I’m starting with a graphic from Johns Hopkins. It shows the daily cases for the US since the beginning of the pandemic.
There are two things to notice in this graph. First, the low points in May are only about a third lower than the typical rates at the peak. As the country started reopening, we still had not even reached a 50% reduction in daily infections. Second, we are currently at about the same level as the earlier peak.
In short, we shut down the country to reduce infections, declared victory when we saw a little progress, and are now back to where we were before we made any progress against the virus. Let that sink in. We are now at the same level of infections as we were. However, when we reached this level before, we were taking extraordinary measures to control the virus. Cities and states shut down and there was at least some federal support for their doing so. Our response now is not nearly as strong. Some governors in hard hit states have started requesting or even requiring that people wear masks in public, but there is no federal support, and even some pushback, for such measures.
Think what you wish about the politics of all this, the reality is that our path forward depends on what we do. If we do not respond as strongly as before, we will see worse results than we did. The virus wants to spread. The less we do to stop it, the more it will spread. Since we are doing less this time around, we should expect worse results.
In any case, it will take time for any actions to have an effect, just as it did before. So, since we’ve just now started responding to this rise, we should expect it to continue for at least two weeks as a bare minimum. Two weeks ago, our daily cases averaged about 21,000. Now they average 30,000, an increase of 9,000. At this rate, in two week we should expect to see daily cases averaging close 40,000, much higher than we have seen so far. However, that estimate assumes that our acceleration is linear – that we increase by the same about per day. However, our acceleration is increasing, so I would expect to see that number in less than two weeks.
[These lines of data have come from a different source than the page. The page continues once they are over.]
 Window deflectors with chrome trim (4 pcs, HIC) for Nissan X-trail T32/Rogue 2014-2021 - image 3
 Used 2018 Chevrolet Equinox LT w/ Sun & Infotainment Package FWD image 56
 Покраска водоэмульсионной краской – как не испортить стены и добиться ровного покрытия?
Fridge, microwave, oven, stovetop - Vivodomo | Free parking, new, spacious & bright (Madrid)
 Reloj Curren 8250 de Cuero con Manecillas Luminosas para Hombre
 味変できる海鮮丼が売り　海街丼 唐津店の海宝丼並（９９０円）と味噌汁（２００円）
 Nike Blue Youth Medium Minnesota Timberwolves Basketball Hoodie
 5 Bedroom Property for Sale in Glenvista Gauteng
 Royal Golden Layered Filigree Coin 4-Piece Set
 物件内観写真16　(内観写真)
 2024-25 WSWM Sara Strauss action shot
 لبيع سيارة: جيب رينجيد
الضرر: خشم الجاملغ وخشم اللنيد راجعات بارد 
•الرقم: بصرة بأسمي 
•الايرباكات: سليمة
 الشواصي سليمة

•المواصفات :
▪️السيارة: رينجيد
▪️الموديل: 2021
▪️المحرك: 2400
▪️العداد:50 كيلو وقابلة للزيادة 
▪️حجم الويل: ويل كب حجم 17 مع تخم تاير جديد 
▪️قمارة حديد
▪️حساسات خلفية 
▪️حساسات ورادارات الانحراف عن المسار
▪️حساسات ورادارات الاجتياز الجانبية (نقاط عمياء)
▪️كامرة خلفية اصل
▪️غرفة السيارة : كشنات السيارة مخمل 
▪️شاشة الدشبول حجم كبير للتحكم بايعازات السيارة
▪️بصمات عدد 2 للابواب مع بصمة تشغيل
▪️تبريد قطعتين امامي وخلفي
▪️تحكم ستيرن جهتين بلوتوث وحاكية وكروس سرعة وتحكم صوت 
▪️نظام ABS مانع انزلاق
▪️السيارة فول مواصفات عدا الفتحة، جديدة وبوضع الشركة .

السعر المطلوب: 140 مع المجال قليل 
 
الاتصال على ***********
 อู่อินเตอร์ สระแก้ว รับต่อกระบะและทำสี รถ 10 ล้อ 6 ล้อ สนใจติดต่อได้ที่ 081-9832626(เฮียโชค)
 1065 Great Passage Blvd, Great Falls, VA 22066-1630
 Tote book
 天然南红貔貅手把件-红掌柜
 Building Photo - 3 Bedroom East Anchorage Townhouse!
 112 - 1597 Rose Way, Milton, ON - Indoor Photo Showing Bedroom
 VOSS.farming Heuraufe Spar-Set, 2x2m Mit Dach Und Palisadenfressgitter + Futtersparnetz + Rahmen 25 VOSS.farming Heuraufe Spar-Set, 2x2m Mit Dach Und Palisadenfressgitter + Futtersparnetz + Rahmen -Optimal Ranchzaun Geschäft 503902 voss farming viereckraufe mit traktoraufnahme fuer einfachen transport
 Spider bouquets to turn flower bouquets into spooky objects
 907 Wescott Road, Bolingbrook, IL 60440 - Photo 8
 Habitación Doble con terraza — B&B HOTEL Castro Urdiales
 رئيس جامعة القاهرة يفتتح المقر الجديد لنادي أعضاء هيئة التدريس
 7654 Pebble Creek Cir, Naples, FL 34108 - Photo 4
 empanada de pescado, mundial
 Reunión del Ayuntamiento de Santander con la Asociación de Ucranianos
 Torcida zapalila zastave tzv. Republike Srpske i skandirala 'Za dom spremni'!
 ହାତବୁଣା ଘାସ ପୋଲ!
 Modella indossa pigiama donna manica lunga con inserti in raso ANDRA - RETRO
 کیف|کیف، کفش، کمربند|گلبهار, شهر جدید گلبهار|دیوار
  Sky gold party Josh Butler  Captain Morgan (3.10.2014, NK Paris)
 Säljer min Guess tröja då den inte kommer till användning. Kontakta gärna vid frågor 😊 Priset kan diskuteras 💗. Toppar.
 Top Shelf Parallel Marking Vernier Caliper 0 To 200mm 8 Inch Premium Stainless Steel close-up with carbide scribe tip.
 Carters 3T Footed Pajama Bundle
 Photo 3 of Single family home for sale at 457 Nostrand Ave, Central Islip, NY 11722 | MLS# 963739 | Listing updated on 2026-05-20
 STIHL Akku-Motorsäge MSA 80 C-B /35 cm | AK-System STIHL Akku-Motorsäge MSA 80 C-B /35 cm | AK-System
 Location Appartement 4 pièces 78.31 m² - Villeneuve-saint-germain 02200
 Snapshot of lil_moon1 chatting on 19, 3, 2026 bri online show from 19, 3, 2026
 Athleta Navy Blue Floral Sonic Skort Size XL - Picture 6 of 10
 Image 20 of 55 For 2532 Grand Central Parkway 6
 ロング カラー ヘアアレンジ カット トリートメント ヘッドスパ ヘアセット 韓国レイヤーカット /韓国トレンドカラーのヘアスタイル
One thing to watch for over the next two weeks is how the deaths per day respond to the increase in cases per day. We would normally expect to see deaths rise with cases but at about a two week or so delay. There is some indication that this may be starting to happen, but it’s too early to tell whether it’s just noise or a real change. Here’s my usual style graph showing both daily cases and daily deaths so you can judge for yourself.
There are a couple of reasons to be hopeful that the death rate won’t spike as badly as it did, though I definitely expect it to rise. First, because the cases are spread out across several states rather than concentrated in a single area, we can hope that medical systems will not be as overwhelmed. Second, we know more about how to treat the virus than we did. In addition to a better understanding overall, one medication has been identified as reducing fatalities in patients on oxygen or ventilation. So, while I do think we’ll see a rise in the number of daily deaths, it’s not unreasonable to hope that the rise will not be as severe as the rise in daily cases.
Projections can be a bit dicey in a changing environment like this. Still, here’s a 10 day projection. I would expect this to end up being somewhat low on the case numbers just as the last one was. If so, I’ll try to adjust in future projections.
For now, the best advice I have is to stay home as much as possible, avoid crowds, and wear your damn mask whenever you’re in public. Your mask isn’t going to change the shape of the pandemic by itself, but like voting, it’s important that we all do our part.